Caption: In (RL)3 representation, reinforcement and rule learning should complement each other. While representation learning allows for a low dimensional input space that facilitates reinforcement learning, rule-based learning will allow insight into the uncovered causalities and operation of the trained system. Illustration: Christoph J Kellner, Studio Animanova

Project Overview

Reinforcement learning is an approach to AI in which an agent learns to dynamically interact with its environment to achieve a certain goal. These agents, which are becoming impressively successful across applications from playing games to controlling industrial processes, are commonly based on deep neural networks. However, despite their usefulness, neural networks are notoriously seen as black-box models: their complexity makes them hard to understand and to reason about their decisions. Additionally, the resulting complex and highly specific reinforcement learning algorithms end up being heavily tailored towards specific tasks. (RL)3 will improve the interpretability and transferability of those algorithms to achieve more understandable, more predictable reinforcement learning approaches that are ultimately more secure and easier to apply.

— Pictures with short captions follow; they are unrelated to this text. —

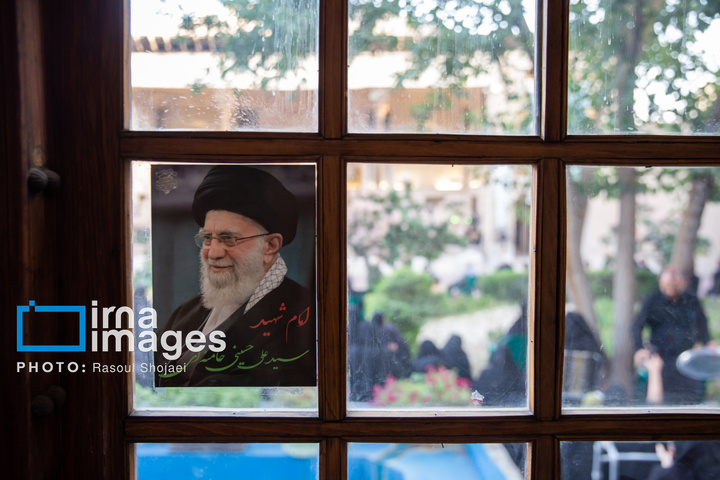 اقامه عزای حسین (علیه السلام) در خانه تاریخی شیخ الاسلام اصفهان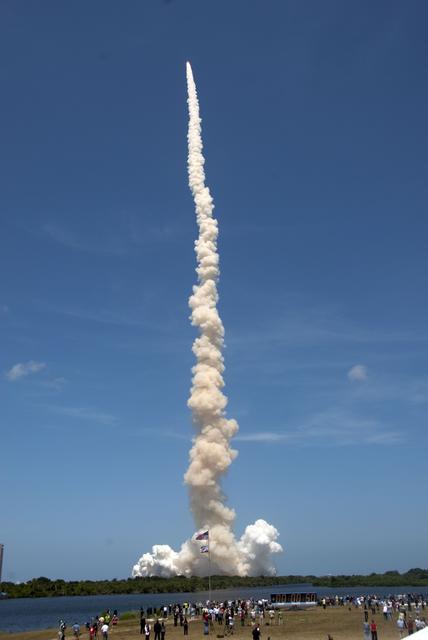 NASA image: sts132-s-011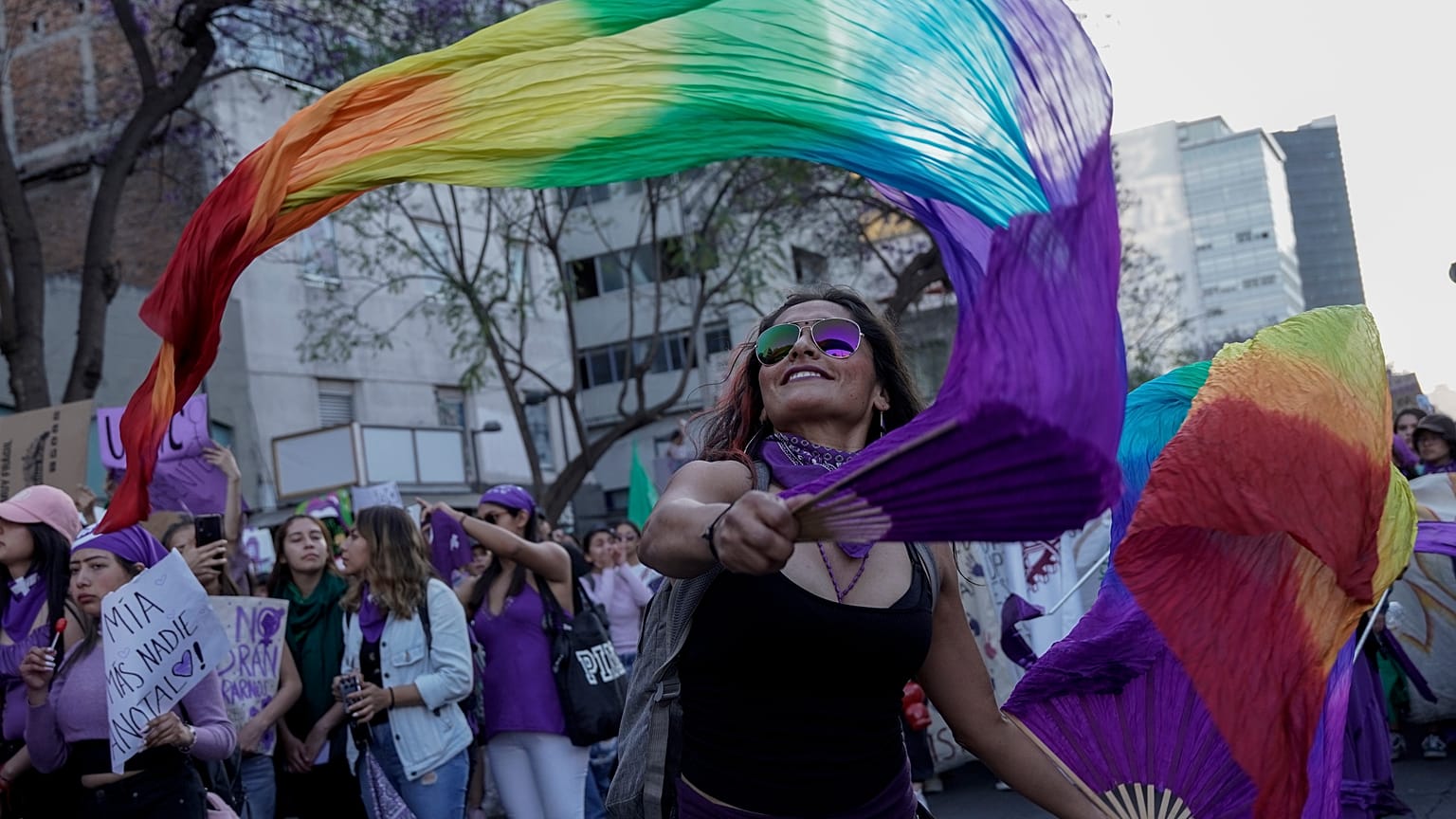Eine Frau in Mexiko-Stadt während einer Demonstration zum Internationalen Frauentag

Creating understandable data representations and formulating decision processes as simple rules are among the most efficient approaches to achieve interpretability. Our representation learning research will focus on unsupervised techniques that can learn interpretable data representations independent of specific tasks. Our rule-learning research will simultaneously investigate methods for transforming complex, high-performing reinforcement learning models into simple rules which can be interpreted and modified by domain experts. The developed approaches will be tested on games and in industrial applications.


Preliminary Results

We developed a first approach of rule learning based on observing a trained reinforcement learning agent interacting with its environment. From the recorded data, containing the environment’s state and the corresponding action of the agent, we induce decision trees. For simple benchmark problems we could show that human-readable decision trees of very limited complexity perform equally well as the black-box deep reinforcement agents they are based on.
Our results have been published as an extended abstract and presented during the poster session of the workshop „Trustworthy AI in the Wild“ at KI 2021 – 44th German Conference on Artificial Intelligence

Project Publications

  • Raphael C. Engelhardt, Moritz Lange, Laurenz Wiskott and Wolfgang Konen „Shedding Light into the Black Box of Reinforcement Learning“. In: KI 2021 44th German Conference on Articial Intelligence. Workshop on Trustworthy AI in the Wild (Sept. 27, 2021). 2021. eprint: https://dataninja.nrw/wp-content/uploads/2021/09/1_Engelhardt_SheddingLight_Abstract.pdf
  • Raphael C. Engelhardt, Moritz Lange, Laurenz Wiskott and Wolfgang Konen „Shedding Light into the Black Box of Reinforcement Learning (poster)“. In: KI 2021 44th German Conference on Articial Intelligence. Workshop on Trustworthy AI in the Wild (Sept. 27, 2021). 2021. eprint: https://dataninja.nrw/wp-content/uploads/2021/09/1_Engelhardt_SheddingLight.pdf
  • Raphael C. Engelhardt, Moritz Lange, Laurenz Wiskott, and Wolfgang Konen. Sample-based rule
    extraction for explainable reinforcement learning. In Giuseppe Nicosia, Varun Ojha, Emanuele
    La Malfa, Gabriele La Malfa, Panos Pardalos, Giuseppe Di Fatta, Giovanni Giuffrida, and Renato
    Umeton, editors, Machine Learning, Optimization, and Data Science, pages 330–345, Cham, 2023.
    Springer Nature Switzerland. doi:10.1007/978-3-031-25599-1_25
  • Raphael C. Engelhardt, Marc Oedingen, Moritz Lange, Laurenz Wiskott, and Wolfgang Konen.
    Iterative oblique decision trees deliver explainable rl models. Algorithms, 16(6), 2023. doi:10.3390/a16060282



    1. 1.
      N. Escalante A, Wiskott L. Improved graph-based SFA: information preservation complements the slowness principle. Machine Learning. 2019;109:999-1037.
    2. 2.
      S. Bagheri, M. Thill, P. Koch, W. Konen. Online Adaptable Learning Rates for the Game Connect-4. IEEE Transactions on Computational Intelligence and AI in Games. 2016;8:33-42. doi:10.1109/TCIAIG.2014.2367105
    3. 3.
      Konen W, Bagheri S. Reinforcement Learning for N-Player Games: The Importance of Final Adaptation. In: Vasile M, Filipic B, eds. 9th International Conference on Bioinspired Optimisation Methods and Their Applications (BIOMA) . ; 2020. http://www.gm.fh-koeln.de/ciopwebpub/Konen20b.d/bioma20-TDNTuple.pdf
    4. 4.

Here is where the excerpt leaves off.